Factory quote questions to send

  1. What exact fabric composition, weave, nominal weight, GSM equivalent, finish, and color are included in this quote? What tolerance do you apply to GSM and finished measurements?
  2. Is the quoted material true cotton canvas, cotton sheeting, recycled cotton canvas, organic cotton canvas, or a cotton-poly blend? Can you send a labeled swatch before sample approval?
  3. Is fabric weight measured before or after dyeing, finishing, washing, or calendaring? If the bag is dyed black, will GSM or shrinkage differ from natural canvas?
  4. What finished dimensions are you quoting for width, height, side gusset, bottom gusset, handle width, and handle drop? Please confirm your measuring method with a simple drawing.
  5. What dimensional tolerance do you recommend for this construction, and can you hold separate tolerances for body size, gusset, handle drop, and print placement?
  6. How are the handles constructed and attached: self-fabric, cotton webbing, inserted under top hem, box stitch, cross stitch, bartack, or another method? What thread and stitch density do you use?
  7. What maximum practical load do you recommend for this bag construction? Do you perform an internal static load or handle pull check, and if so what method and acceptance criteria are used?
  8. Which print method is included in the quoted unit price? How many colors, print positions, and maximum print area are included before extra charges apply?
  9. For light ink on black or dark canvas, will you use underbase, double pass, higher-opacity ink, or another method? Will this change cost, production time, wash resistance, or hand feel?
  10. Can you provide a physical print strike-off on actual production fabric before the pre-production sample? Is the strike-off charged separately, and how many revisions are included?

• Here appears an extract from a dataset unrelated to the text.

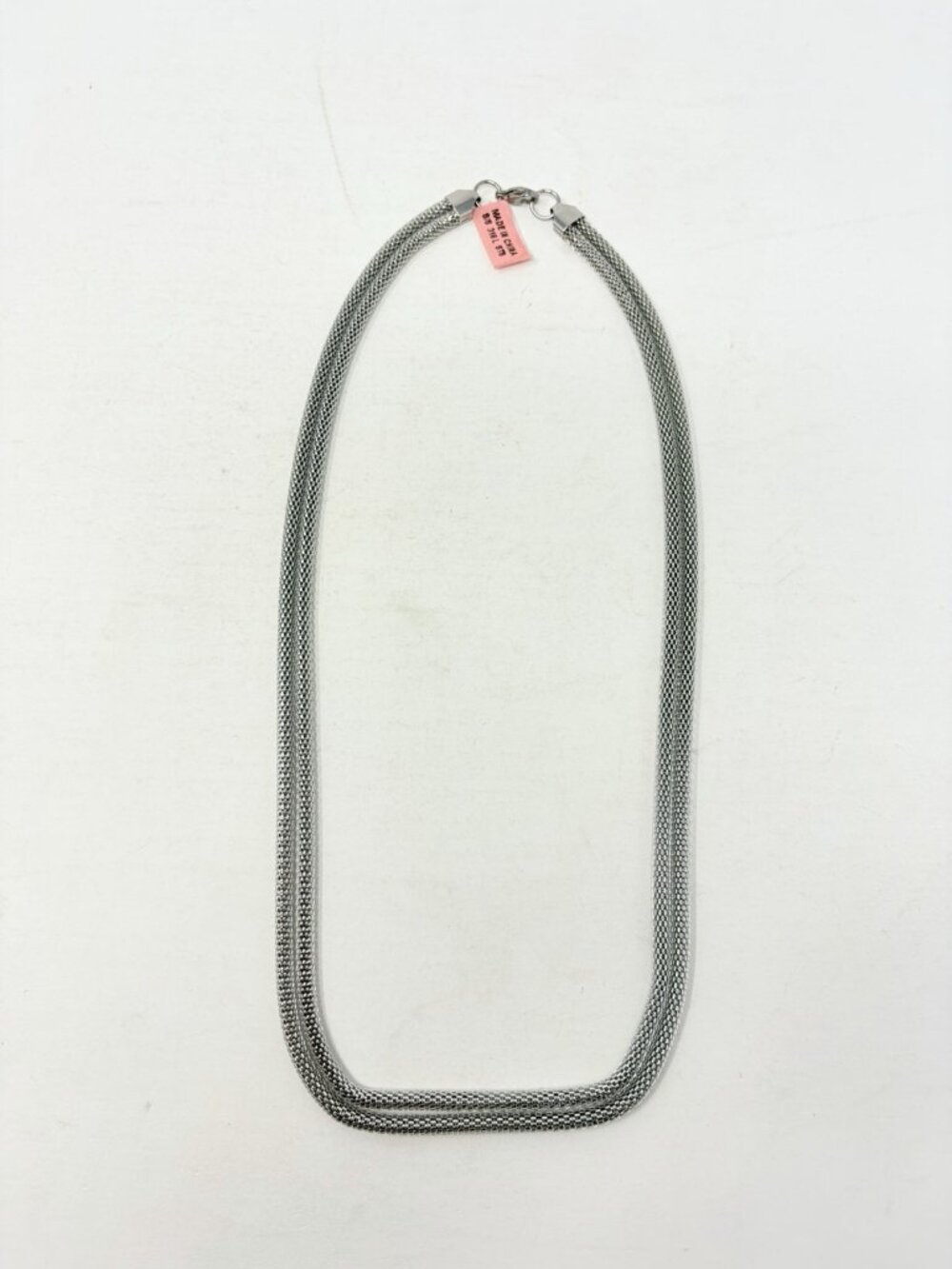 Shop LC‎ Silvertone Double Strand Mesh Necklace 24 in Long Stainless Steel 5539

Quality-control points to confirm

  1. Fabric weight should be checked against the approved specification within the agreed tolerance; random roll checks or panel checks should not fall below the minimum usable GSM accepted in the PO.
  2. Fabric composition, weave, color, finish, and hand feel should match the approved swatch; do not approve bulk based only on a supplier's internal material code.
  3. Finished dimensions should be measured using the agreed method, with separate tolerances for width, height, side gusset, bottom gusset, handle width, and handle drop.
  4. Gusset construction should open evenly, with no twisted side seams, shallow usable gusset, inconsistent boxed corners, or excessive puckering at the bottom.
  5. Handle attachment should match the approved sample: same handle material, width, drop, stitch pattern, reinforcement size, thread color, and top-hem insertion depth if applicable.
  6. Handle strength should be checked with a practical load or pull method agreed before production; inspect for skipped stitches, broken thread, weak bartacks, short stitch boxes, and uneven handle lengths.
  7. Seams should be checked for open seams, loose threads, raw-edge fray, inconsistent seam allowance, needle damage, seam slippage, and internal thread tails in unlined bags.
  8. Print color, opacity, curing, and hand feel should be compared against the approved strike-off under agreed lighting; light ink on black canvas needs extra attention for show-through and uneven coverage.
  9. Print placement should be measured from fixed points such as top edge, side seam, or centerline; visual centering alone is not enough on gusseted bags.
  10. Print defects should be rejected or sorted according to agreed limits: pinholes, feathering, ink bleeding, misregistration, smudges, scuffs, ghosting, poor edge sharpness, and ink transfer.